A review by twilliamson
Dark Apprentice by Kevin J. Anderson

1.0

Dark Apprentice, the sequel to Kevin J. Anderson's Jedi Search, is as equally baffling as the first. Incoherent even in its best light, the book continues to struggle to do anything to develop the characters of the Star Wars established canon or even flesh out any of the new characters Anderson introduces to the worn drama of the series.

The book opens, for example, with a dramatic starship crash, then abruptly transitions to a scene with Han Solo skiing with Kyp, one of the new characters of this trilogy. There's no narrative reason for the skiing sequence except that it's a place to flex Anderson's sense of action (which overpromises and underdelivers every time). Narrative tension is lost again when Solo decides to play a game of sabacc with Lando Calrissian over the fate of the Millennium Falcon.

The narrative diversions sap away from any momentum or focus on what feels like should be the focal point of the novel, and the trilogy on a whole: Luke Skywalker's efforts at creating a new Jedi Order and training a new generation of Jedi Knights. With so much of the book oriented toward the expanding cast of the series, very little is done to add a sense of growth to any single one of the characters. Moreover, because so little is done to help flesh out character motivations, things seem to just happen for almost no reason entirely. What's the relevance, for example, of the Jedi children getting lost on Coruscant for a chapter? Did we really need any of the dumb museum sequence, or was that just an excuse to introduce yet another stupid minor character of no considerable weight or importance to the story and its characters?

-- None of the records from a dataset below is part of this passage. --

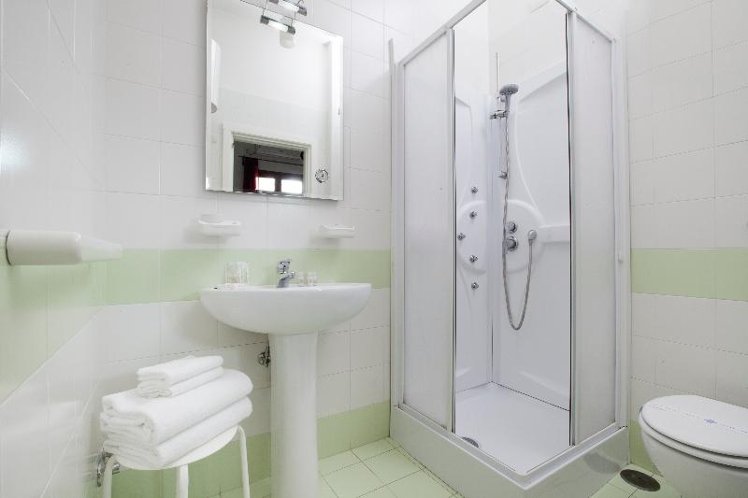 SINGLE STANDARD Room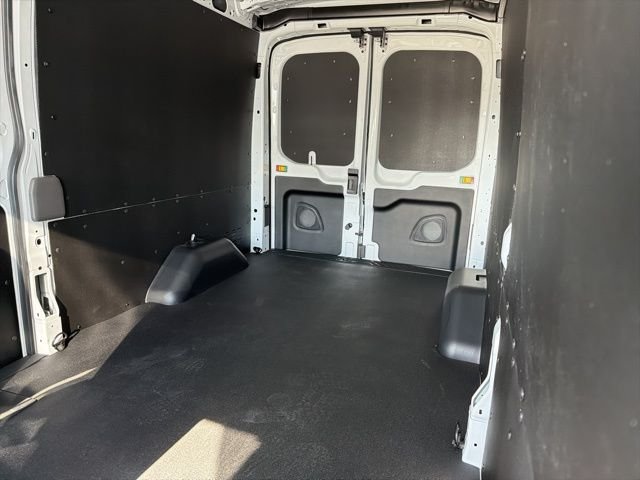 New 2026 Oxford White Ford Cargo Van image 11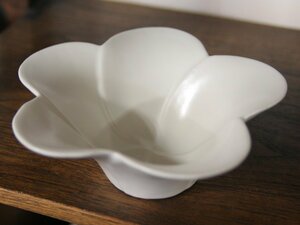 ジェンガラ JENGGALA 食器・陶器 Jenggala Frangipani Bowl【アウトレット】※同梱発送可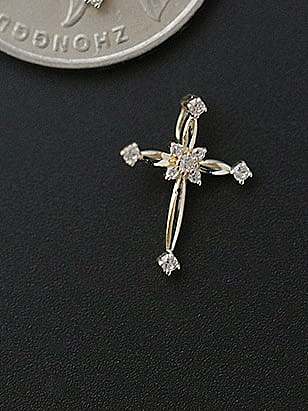 Colar delicado de cruz cúbica de zircônia em prata esterlina 925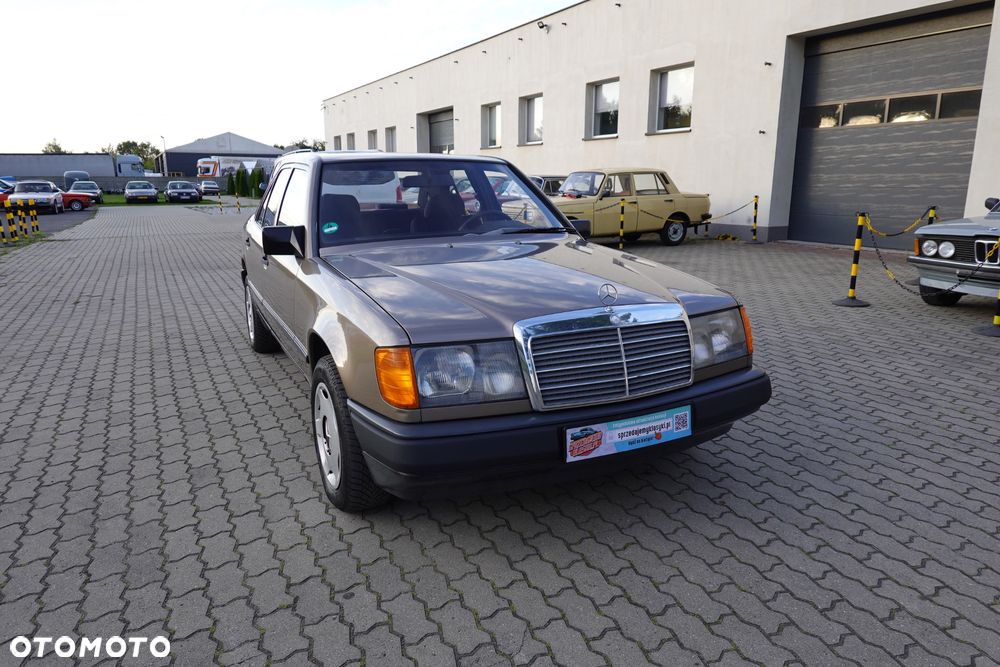 Mercedes-Benz W124 (1984-1993) - 40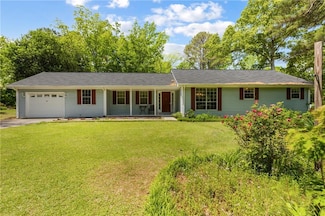 40 Carole Dr, Carrollton, GA 30117
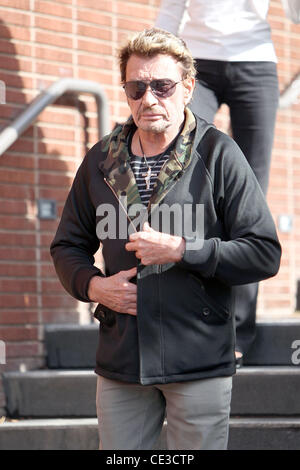 Le chanteur français Johnny Hallyday et sa femme Laeticia Boudou quitter le Rock restaurant avec leurs amis de Century City, Californie - 25.10.10 Banque D'Images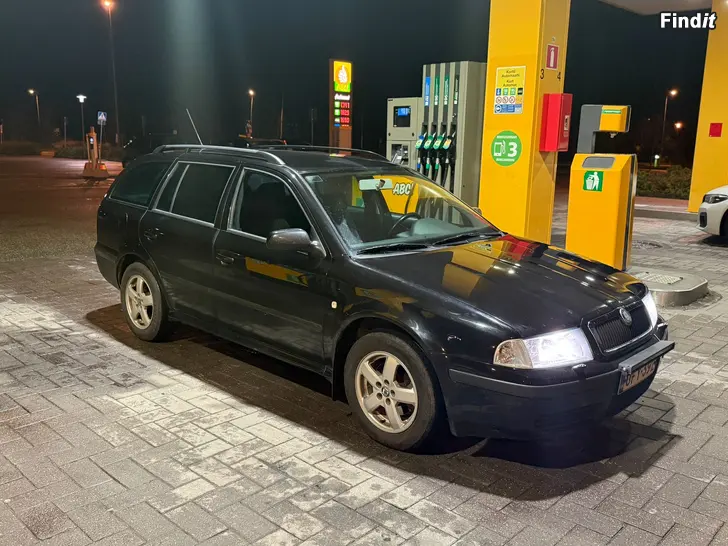 Myydään Skoda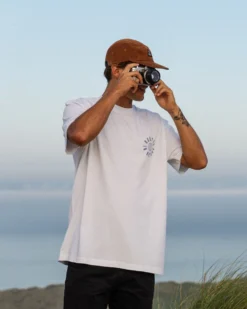 Men's Rooted Relaxed Fit T-Shirt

Indeed, the only character who receives any significant arc or development is Kyp, whose change in attitude is not discovered over the course of the book but instead occurs abruptly within the span of only a handful of pages, and we're explicitly told why his attitude changes instead of being given the opportunity to experience his change through the actions of the narrative. Anderson's approach to character development is simply an exposition dump.

Dark Apprentice is not really the worst Star Wars novel I've read, but it is thoroughly inconsistent, incoherent, incohesive, and in desperate need of major revision. It is one of the most unfocused novels I've ever read, and not even being tie-in fiction can disguise how poorly written, poorly constructed, and poorly implemented the novel's story is.

Star Wars deserves better than this.